• _Work instructions_
In your copy, include no images and return each entry exactly as written.

(Entries taken from a collection)
= = = = = = =
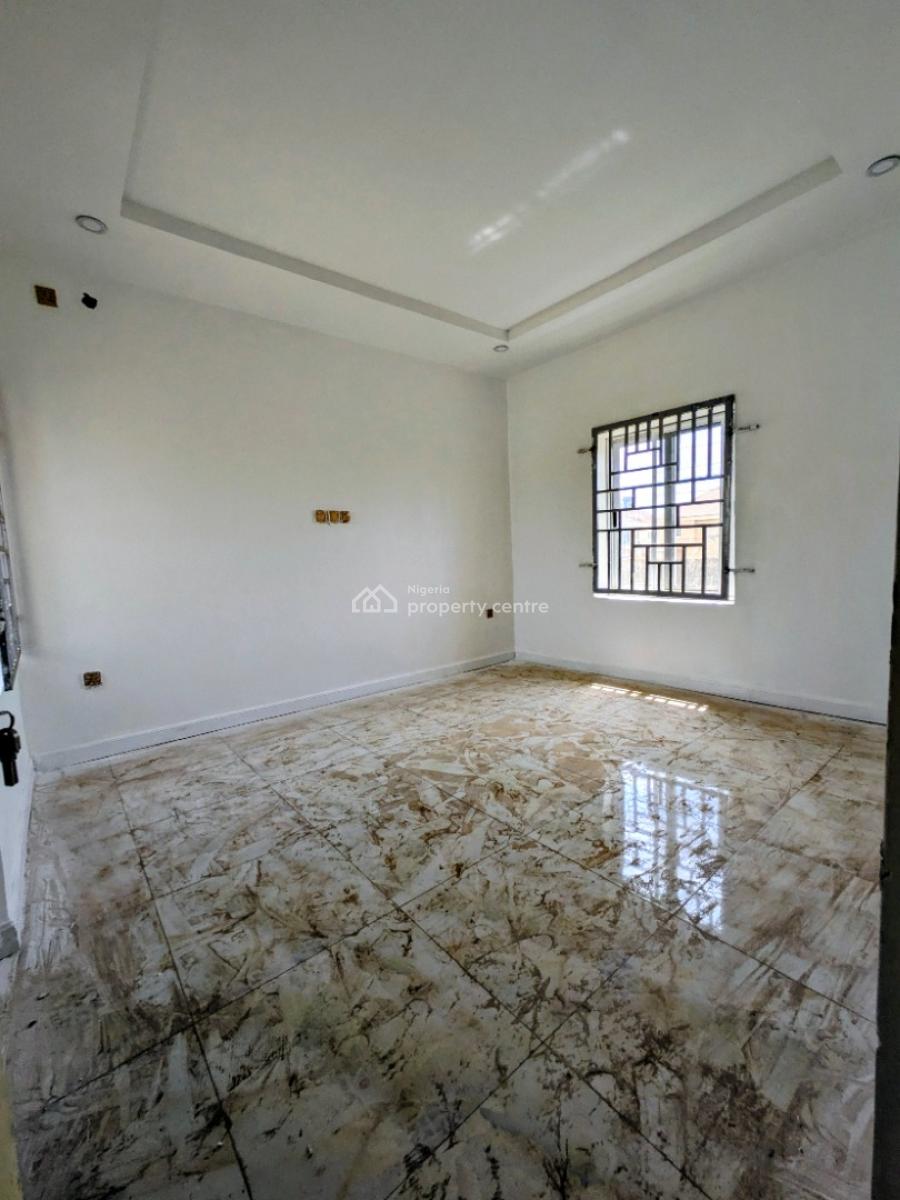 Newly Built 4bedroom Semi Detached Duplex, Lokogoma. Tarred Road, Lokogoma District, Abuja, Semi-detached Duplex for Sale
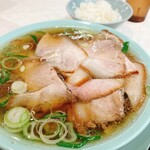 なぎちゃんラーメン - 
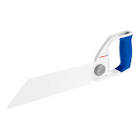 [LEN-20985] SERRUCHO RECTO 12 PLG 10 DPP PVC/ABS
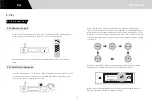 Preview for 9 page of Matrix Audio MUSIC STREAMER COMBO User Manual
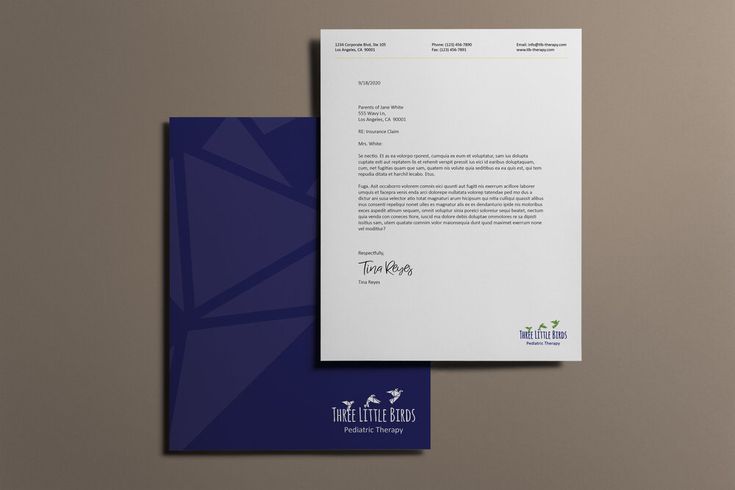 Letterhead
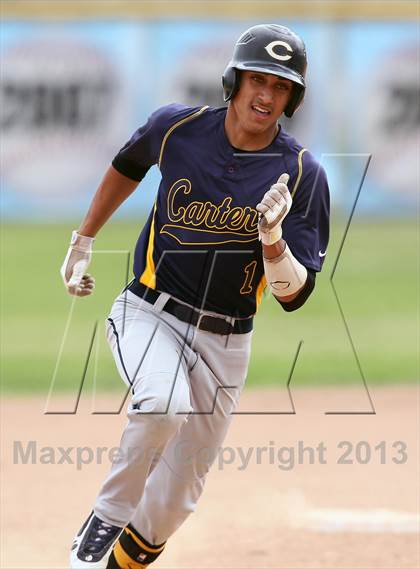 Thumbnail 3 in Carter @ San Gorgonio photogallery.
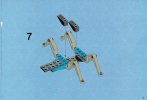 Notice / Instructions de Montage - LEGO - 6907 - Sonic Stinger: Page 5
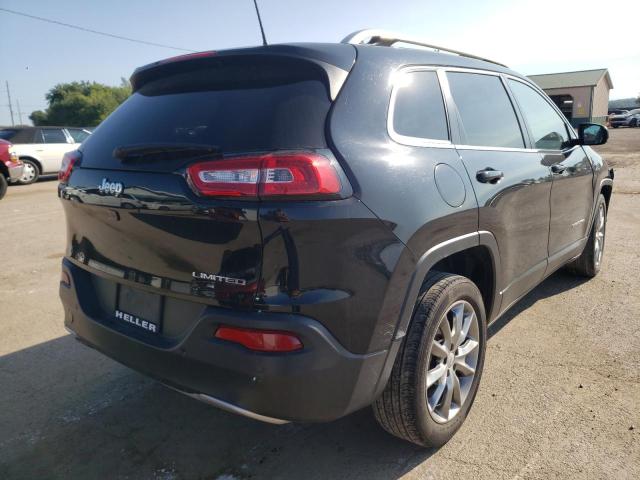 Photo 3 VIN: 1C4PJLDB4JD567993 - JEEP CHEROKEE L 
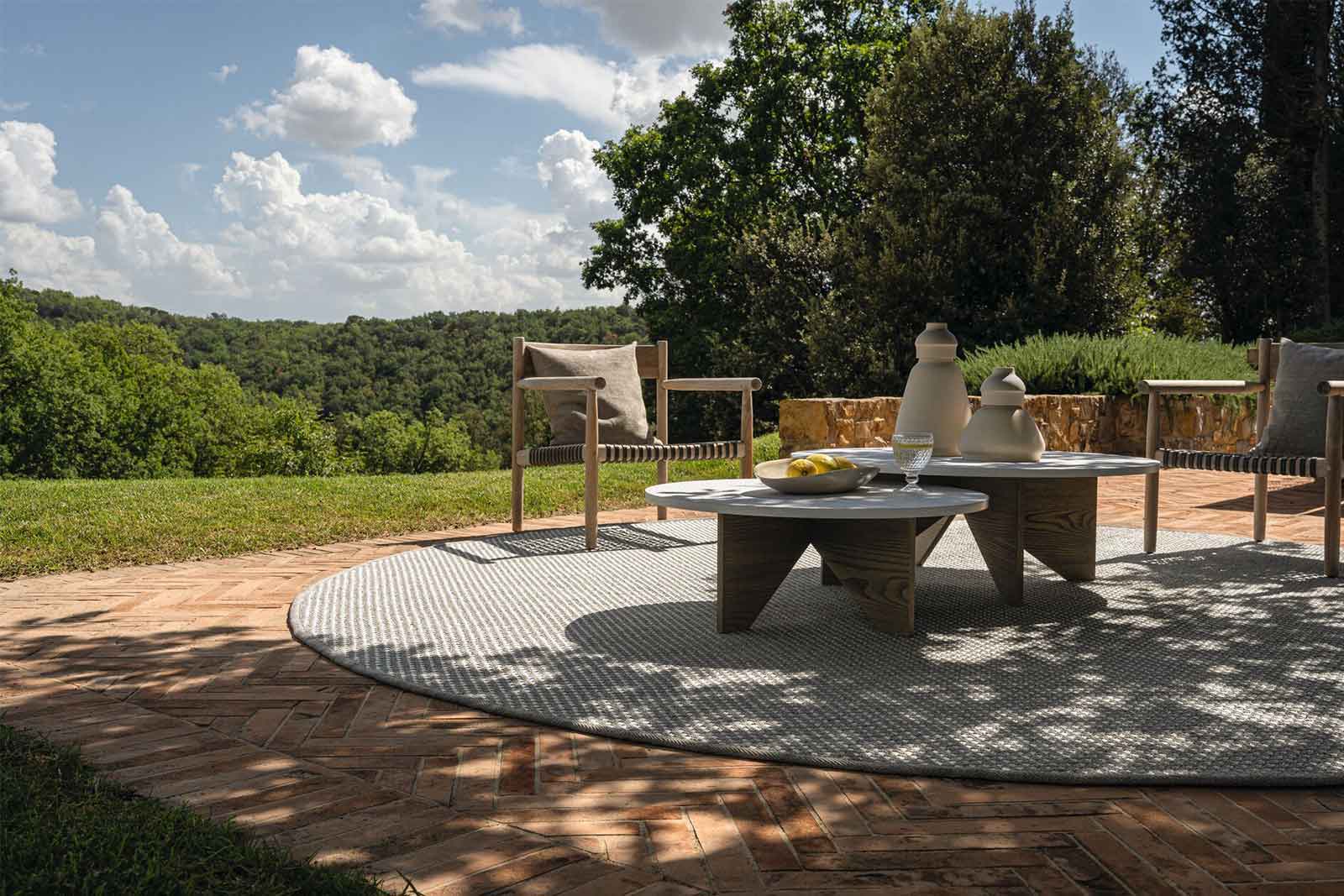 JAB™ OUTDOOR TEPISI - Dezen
= = = = = = =
• _Solution to this task_
 Newly Built 4bedroom Semi Detached Duplex, Lokogoma. Tarred Road, Lokogoma District, Abuja, Semi-detached Duplex for Sale
 なぎちゃんラーメン - 
 [LEN-20985] SERRUCHO RECTO 12 PLG 10 DPP PVC/ABS
 Preview for 9 page of Matrix Audio MUSIC STREAMER COMBO User Manual
 Letterhead
 Thumbnail 3 in Carter @ San Gorgonio photogallery.
 Notice / Instructions de Montage - LEGO - 6907 - Sonic Stinger: Page 5
 Photo 3 VIN: 1C4PJLDB4JD567993 - JEEP CHEROKEE L 
 JAB™ OUTDOOR TEPISI - Dezen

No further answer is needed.